Batch-ICL: Effective, Efficient, and Order-Agnostic In-Context Learning
This addresses a key limitation in ICL for LLMs, making it more robust and efficient for practical applications, though it is an incremental improvement over existing methods.
The paper tackles the sensitivity of large language models (LLMs) to the order of in-context learning (ICL) examples by developing Batch-ICL, an inference algorithm that uses separate 1-shot forward computations and aggregated meta-gradients to make predictions order-agnostic, resulting in consistent outperformance over most permutations and sometimes exceeding the best order in standard ICL while reducing computational resources.
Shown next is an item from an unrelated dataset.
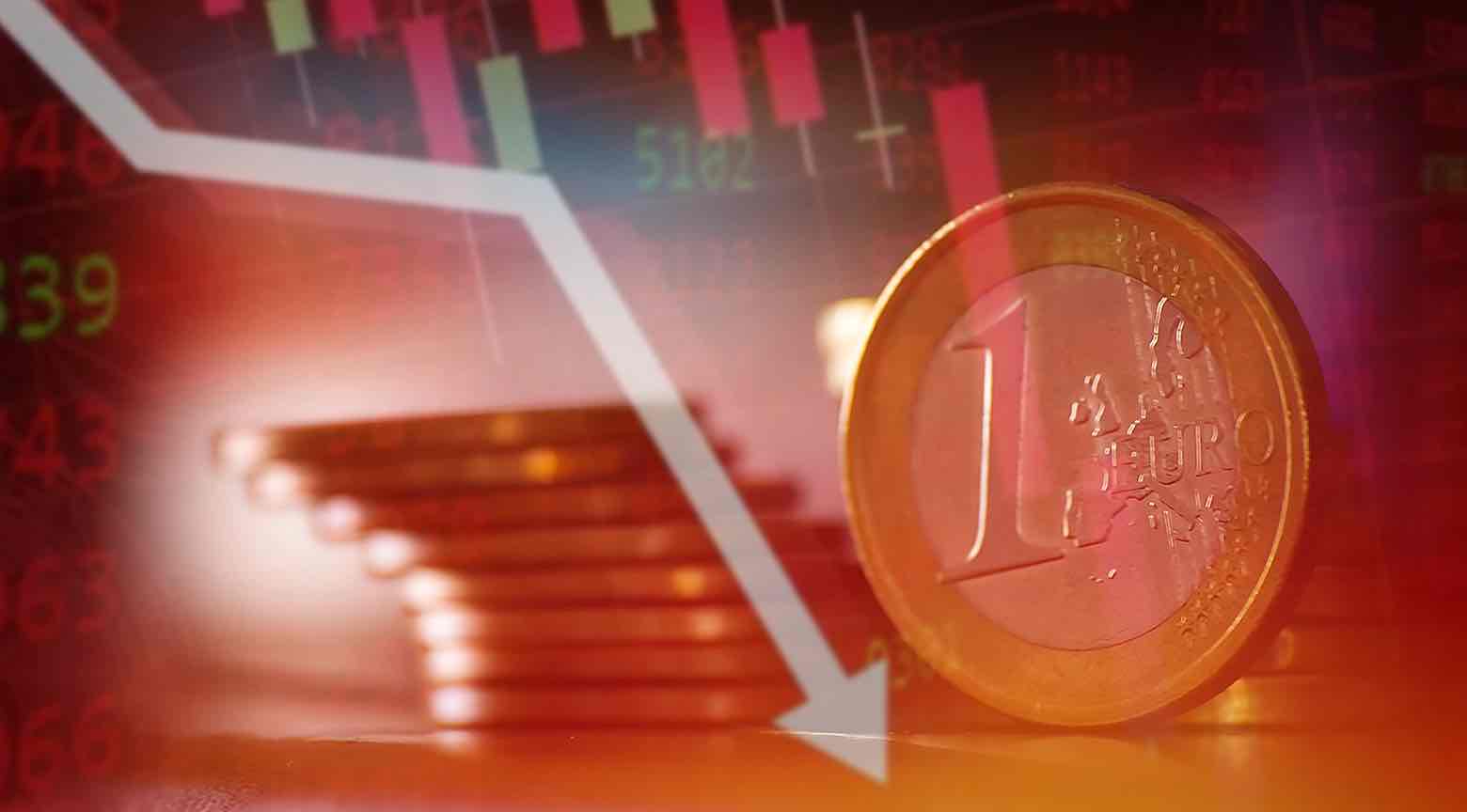 Moneda de un euro frente a un fondo bursátil en tonos rojos con una flecha descendente que simboliza caída en los mercados.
In this paper, by treating in-context learning (ICL) as a meta-optimization process, we explain why LLMs are sensitive to the order of ICL examples. This understanding leads us to the development of Batch-ICL, an effective, efficient, and order-agnostic inference algorithm for ICL. Differing from the standard N-shot learning approach, Batch-ICL employs $N$ separate 1-shot forward computations and aggregates the resulting meta-gradients. These aggregated meta-gradients are then applied to the forward computation of a zero-shot query to generate the final prediction. This batch processing approach renders the LLM agnostic to the order of ICL examples. Through extensive experiments and analysis, we demonstrate that Batch-ICL consistently outperforms most permutations of ICL examples. In some cases, it even exceeds the performance of the best order for standard ICL, all while reducing the computational resources required. Furthermore, we develop a novel variant of Batch-ICL featuring multiple "epochs" of meta-optimization. This variant implicitly explores permutations of ICL examples, further enhancing ICL performance.